Please school me on batoning firewood

A four or five inch knife batons adequately, so I am not sure why there is a focus on large and heavy knives. The better grade Moras will even old up for a while.

I don't get the whole beating on a knife with a log. Splitting firewood and felling trees is the job the axe and hatchet was designed to do. One could dig a hole with a knife too, but shovels

Chuckle. True enough. But that is no different than fighting being a job for battle rifles...yet we all carry around handguns as we go about our day, not FALs.

I forgotten about digging cat holes though. That is another fine use for a good knife...
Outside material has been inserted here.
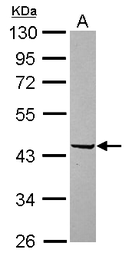 Anti-PAI2 antibody used in Western Blot (WB). GTX103194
The utility belt knife or survival knife or whatever folks want to call it fills in as needed when one is unlikely or unable to be hauling around a hatchet, axe, shovel etc.
 
It's hard to say with certainty exactly where this batoning BS came from.
But us older guys do know that it's a fairly new term.
When you get to a certain age, you begin to realize that you don't like most of the new stuff that you learn.
I have gathered firewood every which way you can name except baton style.
I like the lazy *** technique. Start a fire and lay an entire tree on the fire. When it burns through, lay the two halves on the fire, etc.
Only do this out West in the dry areas!
 
I don't get the whole beating on a knife with a log. Splitting firewood and felling trees is the job the axe and hatchet was designed to do. One could dig a hole with a knife too, but shovels work better.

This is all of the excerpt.